Last Call For The Rivers Of Brazile

Rivers of tears, it seems.  Former interim DNC head Donna Brazile's new tell-all book is previewed in Politico Magazine this week, and the accusations against former DNC head Debbie Wasserman Schultz and former Clinton campaign strategist Robby Mook are extremely ugly.

Before I called Bernie Sanders, I lit a candle in my living room and put on some gospel music. I wanted to center myself for what I knew would be an emotional phone call. 
I had promised Bernie when I took the helm of the Democratic National Committee after the convention that I would get to the bottom of whether Hillary Clinton’s team had rigged the nomination process, as a cache of emails stolen by Russian hackers and posted online had suggested. I’d had my suspicions from the moment I walked in the door of the DNC a month or so earlier, based on the leaked emails. But who knew if some of them might have been forged? I needed to have solid proof, and so did Bernie.

So I followed the money. My predecessor, Florida Rep. Debbie Wasserman Schultz, had not been the most active chair in fundraising at a time when President Barack Obama’s neglect had left the party in significant debt. As Hillary’s campaign gained momentum, she resolved the party’s debt and put it on a starvation diet. It had become dependent on her campaign for survival, for which she expected to wield control of its operations. 
Debbie was not a good manager. She hadn’t been very interested in controlling the party—she let Clinton’s headquarters in Brooklyn do as it desired so she didn’t have to inform the party officers how bad the situation was. How much control Brooklyn had and for how long was still something I had been trying to uncover for the last few weeks.
By September 7, the day I called Bernie, I had found my proof and it broke my heart.

The Saturday morning after the convention in July, I called Gary Gensler, the chief financial officer of Hillary’s campaign. He wasted no words. He told me the Democratic Party was broke and $2 million in debt. 
“What?” I screamed. “I am an officer of the party and they’ve been telling us everything is fine and they were raising money with no problems.” 
That wasn’t true, he said. Officials from Hillary’s campaign had taken a look at the DNC’s books. Obama left the party $24 million in debt—$15 million in bank debt and more than $8 million owed to vendors after the 2012 campaign and had been paying that off very slowly. Obama’s campaign was not scheduled to pay it off until 2016. Hillary for America (the campaign) and the Hillary Victory Fund (its joint fundraising vehicle with the DNC) had taken care of 80 percent of the remaining debt in 2016, about $10 million, and had placed the party on an allowance. 
If I didn’t know about this, I assumed that none of the other officers knew about it, either. That was just Debbie’s way. In my experience she didn’t come to the officers of the DNC for advice and counsel. She seemed to make decisions on her own and let us know at the last minute what she had decided, as she had done when she told us about the hacking only minutes before the Washington Post broke the news.

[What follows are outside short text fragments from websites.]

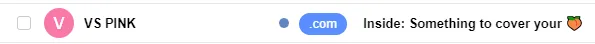 vs pink's email subject line that says "inside: something to cover your peach emoji"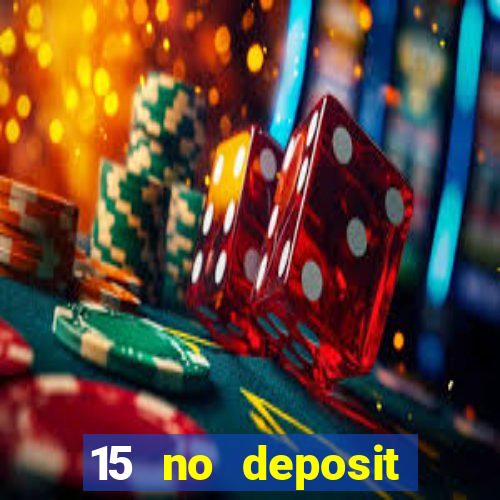 15 no deposit mobile casino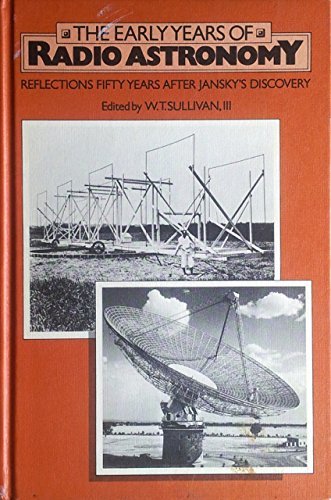 9780521254854: The Early Years of Radio Astronomy: Reflections Fifty Years after Jansky's Discovery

Brazile goes on to say that not only did Clinton campaign assume the DNC's debt and pay it off, but that Clinton strategist Robby Mook had reached an agreement with Debbie Wasserman Schultz that Clinton would be calling the shots in the party from then on.

“Wait,” I said. “That victory fund was supposed to be for whoever was the nominee, and the state party races. You’re telling me that Hillary has been controlling it since before she got the nomination?” 
Gary said the campaign had to do it or the party would collapse. 
That was the deal that Robby struck with Debbie,” he explained, referring to campaign manager Robby Mook. “It was to sustain the DNC. We sent the party nearly $20 million from September until the convention, and more to prepare for the election.”

It's not a pretty sight at all, although the fact that the Clinton campaign was paying off the DNC's debt was again broken by the Washington Post more than a year ago.  The Bernie folks long accused Clinton of rigging the party's committees to help Clinton, but the problem is joint fundraising agreements have been used by both parties for years.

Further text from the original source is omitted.